Great looking browns man! That last one inhaled it! BTU... Come on man :roll:


----------



## FROGGER

That is definitely a bow...when was it caught... nice pics...


----------



## orvis1.2

BrownTownUtah said:


> Nice fish...BUT Treble hooks in rivers should be banned.... it is way to easy.. RapalaHunter, Why not be a sportsman and replace those treble hooks with single hook barbless..? That way you can still fish your Luckycrafts but it gives the trout a fair chance..


Nice post... BUT stupid comments in forums should be banned... it is way too annoying.. BrownTownUtah, Why not be a sportsman and replace those single barbless hooks with your teeth as you swim through river and bite at the trout? That way you can still fish, but it gives the trout a fair chance...


----------



## handsomefish

orvis1.2 said:


> BrownTownUtah said:
> 
> 
> 
> Nice fish...BUT Treble hooks in rivers should be banned.... it is way to easy.. RapalaHunter, Why not be a sportsman and replace those treble hooks with single hook barbless..? That way you can still fish your Luckycrafts but it gives the trout a fair chance..
> 
> 
> 
> Nice post... BUT stupid comments in forums should be banned... it is way too annoying.. BrownTownUtah, Why not be a sportsman and replace those single barbless hooks with your teeth as you swim through river and bite at the trout? That way you can still fish, but it gives the trout a fair chance...
Click to expand...

+One
Why pay $20.00 for a lure and then alter it? Why take a chance of it affecting the action? and then to imply your not a sportsman if you don't doesn't make sence to me, and as far as giving the trout a fair chance I belive releasing it is as fair as it gets, I'm sure the fish would agree


----------



## Nibble Nuts

BrownTownUtah said:


> Nice fish...BUT Treble hooks in rivers should be banned.... it is way to easy.. RapalaHunter, Why not be a sportsman and replace those treble hooks with single hook barbless..? That way you can still fish your Luckycrafts but it gives the trout a fair chance..
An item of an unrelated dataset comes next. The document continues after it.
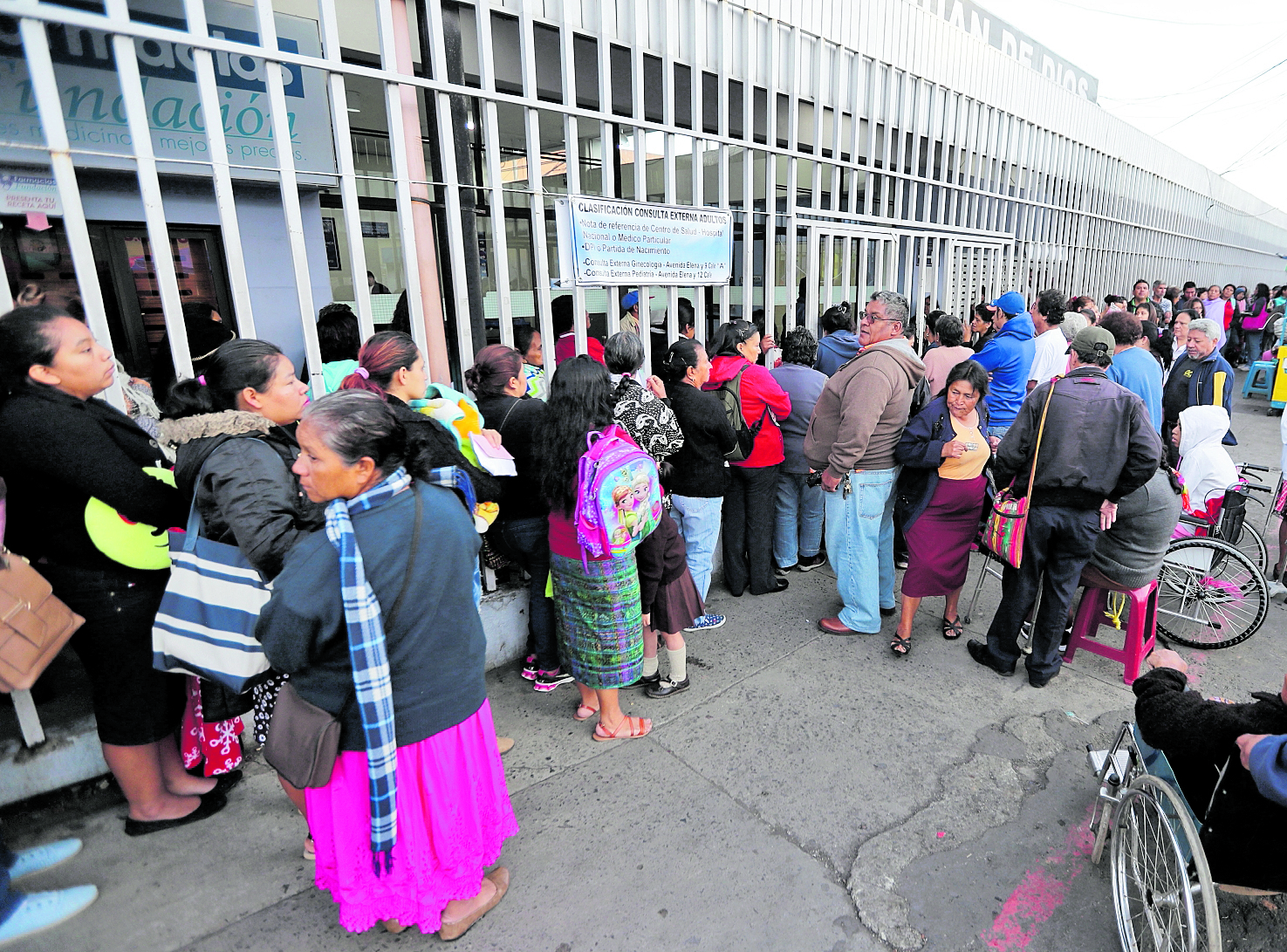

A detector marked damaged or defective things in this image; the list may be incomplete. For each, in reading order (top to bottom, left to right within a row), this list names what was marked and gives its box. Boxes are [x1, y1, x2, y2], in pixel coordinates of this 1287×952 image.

I agree man. I like to give the trout as fair a chance as I can. I use small, single barbless hooks. That way I can quickly free the fish from the hook and pound the crap out of it before I punt it back into the water.


----------



## .45

I hope rapalahunter continue's to report.. 

Report's like this need to be shared, enjoyed and commented on by friends......I see no reason to slander a person who has caught some fine fish by using legal method's. It's just an insult to all sportsmen !

BrownTown....why not take your case to the DWR ? In the meantime, you slam a guy and then _boast_ how you catch fish, does not really show any class on your part. You should be ashamed of yourself !!

Rapalahunter....please continue to post, maybe in the Confidential forum, it will, at least work for another 28 or 38 post, everwhat it is. In some case's the limit should be set at 2 billion....

btw.....Hi NN's....


----------



## phishouttawater

I am appalled. I have been a member on this board for a long time and I just assumed you guys all used single barbless hooks. How dare you lesser beings enjoy fishing some other way than me. As an elitist I only fish the way I think it should be done.....anyone else is an idiot. And don't don't get me started on you bass fisherman.....wow you guys finally left your trailer park to fish.

IS THIS GUY FOR REAL. I am sure not. 

If you want to address the fair and equal treatment of a trout post in the general fishing from as a debate, don't go knock someone for having a fun, legal ethical day on the water. Grow up and get some class. 

You would think it was Monday with how annoyed I am. Sportsmen of Utah, sharpen your treble hooks the weekend is coming.


----------



## Gameface

The treble hook is like the shotgun of fishing. Just like you don't have to aim a shotgun, you don't have fish with a treble hook. You just throw it in the water and fish get caught on all those hooks, just based on the odds.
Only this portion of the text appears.